Oskar Schell is a precocious 9-year-old from New York City whose father was at the top of the World Trade Center at Windows on the World when it was struck by terrorists. Only Oskar heard the phone messages—at first reassuring and then frantic—that his father left between the impact of the planes and the building’s collapse.

Eccentric and clever as Oskar may be, he is understandably bereft, and his penchant for invention won’t let him rest. His unique knowledge about some of the particulars of his father’s death merely puts Oskar in a privileged position of guilt at hiding the phone messages from his mother and grandmother. And he still doesn’t know enough about how his father died to still his mind. So, he invents.

“I want to stop inventing,” Oskar says. “If I could know how he died, exactly how he died, I wouldn’t have to invent him dying inside an elevator that was stuck between floors, which happened to some people, and I wouldn’t have to imagine him trying to crawl down the outside of the building, which I saw a video of one person doing on a Polish (Web) site, or trying to use a tablecloth as a parachute. … There were so many different ways to die, and I just need know which was his.”

Oskar is given a key—literally—to the answer when he accidentally breaks a vase containing an envelope with the word “Black” on it and a key.
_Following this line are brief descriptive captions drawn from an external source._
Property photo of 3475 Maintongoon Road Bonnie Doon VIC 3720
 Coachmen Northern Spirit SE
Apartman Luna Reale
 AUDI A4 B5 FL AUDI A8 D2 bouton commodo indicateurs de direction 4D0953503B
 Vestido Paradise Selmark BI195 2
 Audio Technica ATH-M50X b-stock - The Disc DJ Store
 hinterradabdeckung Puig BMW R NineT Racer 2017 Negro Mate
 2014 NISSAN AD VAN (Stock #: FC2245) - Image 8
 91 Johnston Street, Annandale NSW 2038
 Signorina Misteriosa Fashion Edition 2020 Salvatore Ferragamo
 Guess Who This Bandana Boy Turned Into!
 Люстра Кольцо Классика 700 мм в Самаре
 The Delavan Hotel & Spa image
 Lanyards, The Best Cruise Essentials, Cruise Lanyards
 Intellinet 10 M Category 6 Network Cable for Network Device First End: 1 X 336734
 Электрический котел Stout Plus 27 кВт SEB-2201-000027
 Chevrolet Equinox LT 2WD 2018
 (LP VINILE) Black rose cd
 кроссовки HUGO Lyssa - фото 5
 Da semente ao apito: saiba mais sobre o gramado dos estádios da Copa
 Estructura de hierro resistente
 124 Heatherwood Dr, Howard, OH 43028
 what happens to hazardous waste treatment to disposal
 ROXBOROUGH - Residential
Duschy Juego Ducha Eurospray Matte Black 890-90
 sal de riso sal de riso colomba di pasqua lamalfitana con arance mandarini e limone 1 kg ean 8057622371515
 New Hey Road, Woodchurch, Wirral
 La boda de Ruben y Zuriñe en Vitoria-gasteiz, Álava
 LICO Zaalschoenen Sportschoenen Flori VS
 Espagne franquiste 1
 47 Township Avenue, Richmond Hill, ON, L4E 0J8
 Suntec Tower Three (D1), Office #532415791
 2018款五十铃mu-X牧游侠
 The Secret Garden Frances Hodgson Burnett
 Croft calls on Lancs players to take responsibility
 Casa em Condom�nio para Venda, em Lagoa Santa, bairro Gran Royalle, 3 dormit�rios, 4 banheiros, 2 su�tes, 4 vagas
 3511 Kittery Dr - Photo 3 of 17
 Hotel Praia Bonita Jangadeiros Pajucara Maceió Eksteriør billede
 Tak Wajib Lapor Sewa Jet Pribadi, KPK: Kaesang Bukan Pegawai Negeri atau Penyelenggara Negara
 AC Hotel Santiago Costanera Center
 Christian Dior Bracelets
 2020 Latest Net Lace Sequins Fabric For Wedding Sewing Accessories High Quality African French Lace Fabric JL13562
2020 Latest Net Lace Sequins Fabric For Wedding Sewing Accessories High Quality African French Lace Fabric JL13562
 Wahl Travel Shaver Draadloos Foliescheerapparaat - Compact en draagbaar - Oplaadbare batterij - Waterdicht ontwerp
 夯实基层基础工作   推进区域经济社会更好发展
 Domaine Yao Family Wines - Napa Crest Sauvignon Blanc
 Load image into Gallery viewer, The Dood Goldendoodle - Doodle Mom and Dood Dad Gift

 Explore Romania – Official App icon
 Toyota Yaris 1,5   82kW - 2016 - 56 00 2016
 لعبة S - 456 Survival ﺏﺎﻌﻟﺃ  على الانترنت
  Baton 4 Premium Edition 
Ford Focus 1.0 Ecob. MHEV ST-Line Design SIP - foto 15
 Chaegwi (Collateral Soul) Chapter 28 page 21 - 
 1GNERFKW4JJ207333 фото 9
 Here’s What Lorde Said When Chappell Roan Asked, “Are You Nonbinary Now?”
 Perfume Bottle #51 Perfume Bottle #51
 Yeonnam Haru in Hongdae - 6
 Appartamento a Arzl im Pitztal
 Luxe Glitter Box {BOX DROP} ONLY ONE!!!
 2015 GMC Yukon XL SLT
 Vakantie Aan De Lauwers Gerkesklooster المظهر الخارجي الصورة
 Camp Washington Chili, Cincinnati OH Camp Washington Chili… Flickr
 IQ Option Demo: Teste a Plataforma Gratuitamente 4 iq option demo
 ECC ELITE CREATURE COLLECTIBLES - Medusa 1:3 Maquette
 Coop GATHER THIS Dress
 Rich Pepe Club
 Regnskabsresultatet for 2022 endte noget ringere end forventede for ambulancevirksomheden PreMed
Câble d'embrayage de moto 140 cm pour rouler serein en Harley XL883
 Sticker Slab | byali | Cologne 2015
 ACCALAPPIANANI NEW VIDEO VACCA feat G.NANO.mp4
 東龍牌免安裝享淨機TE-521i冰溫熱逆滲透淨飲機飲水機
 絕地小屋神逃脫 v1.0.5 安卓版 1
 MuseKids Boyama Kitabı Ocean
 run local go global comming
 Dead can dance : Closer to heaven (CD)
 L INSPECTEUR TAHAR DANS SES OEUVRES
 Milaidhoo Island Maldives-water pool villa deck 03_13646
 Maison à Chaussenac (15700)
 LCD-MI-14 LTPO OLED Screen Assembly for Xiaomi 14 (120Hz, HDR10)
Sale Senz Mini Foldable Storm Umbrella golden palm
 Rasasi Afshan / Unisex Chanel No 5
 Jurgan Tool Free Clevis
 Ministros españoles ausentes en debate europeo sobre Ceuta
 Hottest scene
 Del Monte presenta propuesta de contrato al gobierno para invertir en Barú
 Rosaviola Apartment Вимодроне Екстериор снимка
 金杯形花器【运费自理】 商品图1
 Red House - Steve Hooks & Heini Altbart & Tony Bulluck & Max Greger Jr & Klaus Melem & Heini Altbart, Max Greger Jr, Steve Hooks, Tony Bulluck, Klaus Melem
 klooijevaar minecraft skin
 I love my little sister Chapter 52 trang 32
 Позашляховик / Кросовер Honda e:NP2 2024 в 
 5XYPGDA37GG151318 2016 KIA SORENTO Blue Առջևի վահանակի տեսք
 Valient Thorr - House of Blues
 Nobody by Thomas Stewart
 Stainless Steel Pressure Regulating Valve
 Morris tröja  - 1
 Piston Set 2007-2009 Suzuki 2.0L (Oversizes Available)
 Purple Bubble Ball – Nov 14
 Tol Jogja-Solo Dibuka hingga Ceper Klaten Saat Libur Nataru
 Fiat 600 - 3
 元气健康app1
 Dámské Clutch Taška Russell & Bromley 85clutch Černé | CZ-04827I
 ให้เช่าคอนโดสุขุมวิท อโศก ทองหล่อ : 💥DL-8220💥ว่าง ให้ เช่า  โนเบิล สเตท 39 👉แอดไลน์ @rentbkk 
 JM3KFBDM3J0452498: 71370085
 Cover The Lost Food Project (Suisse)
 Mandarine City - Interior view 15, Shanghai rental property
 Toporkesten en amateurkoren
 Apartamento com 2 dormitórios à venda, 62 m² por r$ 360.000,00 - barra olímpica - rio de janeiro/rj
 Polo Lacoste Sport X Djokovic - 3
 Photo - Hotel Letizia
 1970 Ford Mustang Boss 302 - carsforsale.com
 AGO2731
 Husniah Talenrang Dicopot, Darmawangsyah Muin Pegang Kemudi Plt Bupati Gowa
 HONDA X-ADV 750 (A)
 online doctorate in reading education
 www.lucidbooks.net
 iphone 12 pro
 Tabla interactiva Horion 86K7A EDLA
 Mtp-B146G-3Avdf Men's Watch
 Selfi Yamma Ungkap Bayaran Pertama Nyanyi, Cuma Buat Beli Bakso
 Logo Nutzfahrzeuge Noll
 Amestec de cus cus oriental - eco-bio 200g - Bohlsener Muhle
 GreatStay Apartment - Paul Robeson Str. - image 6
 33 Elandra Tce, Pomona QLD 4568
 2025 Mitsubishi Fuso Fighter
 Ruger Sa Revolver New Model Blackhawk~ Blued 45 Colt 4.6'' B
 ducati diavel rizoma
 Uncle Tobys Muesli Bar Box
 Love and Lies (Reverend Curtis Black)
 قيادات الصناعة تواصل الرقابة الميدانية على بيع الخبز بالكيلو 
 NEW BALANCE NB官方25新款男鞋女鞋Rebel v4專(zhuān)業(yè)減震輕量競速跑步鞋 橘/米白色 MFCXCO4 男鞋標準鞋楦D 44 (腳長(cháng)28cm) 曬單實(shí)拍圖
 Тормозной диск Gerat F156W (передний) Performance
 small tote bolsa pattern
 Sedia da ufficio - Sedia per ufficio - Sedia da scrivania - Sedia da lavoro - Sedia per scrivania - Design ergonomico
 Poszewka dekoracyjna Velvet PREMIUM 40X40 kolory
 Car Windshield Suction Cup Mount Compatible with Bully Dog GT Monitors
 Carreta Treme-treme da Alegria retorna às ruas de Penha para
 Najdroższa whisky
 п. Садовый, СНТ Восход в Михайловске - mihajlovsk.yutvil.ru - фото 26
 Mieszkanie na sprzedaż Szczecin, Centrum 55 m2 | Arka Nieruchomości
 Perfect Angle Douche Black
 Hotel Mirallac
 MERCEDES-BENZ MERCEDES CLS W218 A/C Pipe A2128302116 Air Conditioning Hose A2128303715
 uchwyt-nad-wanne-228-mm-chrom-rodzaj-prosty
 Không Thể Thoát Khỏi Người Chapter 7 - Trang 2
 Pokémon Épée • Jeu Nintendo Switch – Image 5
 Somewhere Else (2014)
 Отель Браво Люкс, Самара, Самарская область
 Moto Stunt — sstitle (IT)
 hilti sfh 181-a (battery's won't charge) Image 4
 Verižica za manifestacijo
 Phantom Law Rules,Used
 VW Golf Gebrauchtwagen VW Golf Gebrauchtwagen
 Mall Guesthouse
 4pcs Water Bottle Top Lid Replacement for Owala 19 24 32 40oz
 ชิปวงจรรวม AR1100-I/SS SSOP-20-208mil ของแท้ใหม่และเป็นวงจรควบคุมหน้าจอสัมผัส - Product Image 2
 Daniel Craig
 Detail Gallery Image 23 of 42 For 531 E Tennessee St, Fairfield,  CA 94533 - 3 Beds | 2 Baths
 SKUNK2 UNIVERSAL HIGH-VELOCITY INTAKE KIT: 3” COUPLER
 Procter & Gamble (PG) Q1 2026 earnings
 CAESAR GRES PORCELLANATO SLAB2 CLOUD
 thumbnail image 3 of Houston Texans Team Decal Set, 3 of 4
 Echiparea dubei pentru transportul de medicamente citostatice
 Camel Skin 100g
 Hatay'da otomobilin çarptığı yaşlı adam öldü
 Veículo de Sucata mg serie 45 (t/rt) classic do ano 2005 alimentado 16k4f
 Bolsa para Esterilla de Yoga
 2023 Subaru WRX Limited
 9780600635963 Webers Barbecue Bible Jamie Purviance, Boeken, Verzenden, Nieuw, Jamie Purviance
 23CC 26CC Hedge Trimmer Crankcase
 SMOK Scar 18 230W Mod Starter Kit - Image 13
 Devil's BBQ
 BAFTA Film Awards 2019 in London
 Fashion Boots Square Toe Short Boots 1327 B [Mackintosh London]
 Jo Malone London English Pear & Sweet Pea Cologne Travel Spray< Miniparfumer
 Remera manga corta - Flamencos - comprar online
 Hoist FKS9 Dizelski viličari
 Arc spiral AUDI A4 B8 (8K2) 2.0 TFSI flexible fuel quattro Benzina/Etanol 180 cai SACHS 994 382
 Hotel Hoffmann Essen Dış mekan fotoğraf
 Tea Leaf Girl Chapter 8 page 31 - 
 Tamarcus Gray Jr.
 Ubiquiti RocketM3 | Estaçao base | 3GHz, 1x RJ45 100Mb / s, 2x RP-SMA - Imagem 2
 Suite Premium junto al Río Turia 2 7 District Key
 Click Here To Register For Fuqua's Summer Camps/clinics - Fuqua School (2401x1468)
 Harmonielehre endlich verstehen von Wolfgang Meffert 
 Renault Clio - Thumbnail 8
Oskar reasons that the key must belong to someone with the last name Black living in New York City. So, he sets off to meet each Black—starting at the beginning of the alphabet—until he gets some answers about his father, though even Oskar isn’t sure what he’s looking for, much less what he’ll find.

A good deal of the enjoyment of Extremely Loud and Incredibly Close is in the depiction of his mostly indomitable spirit as he traipses around the five boroughs despite the many fears that have risen up and swallowed his sense of security. The mixture of naiveté and worldliness Foer has infused his 9-year-old protagonist with is endearing and memorable.

Foer has produced a novel that is artfully written without being showy. It is funny without dismissing a young boy’s suffering or the gravity of September 11. And the plot—which also involves extensive sections narrated by Oskar’s grandmother and mute grandfather—keeps the reader engaged without resorting to trickery or sleight of hand.

Given this literary bounty, a picture of a pair of turtles in coitus is a small price to pay.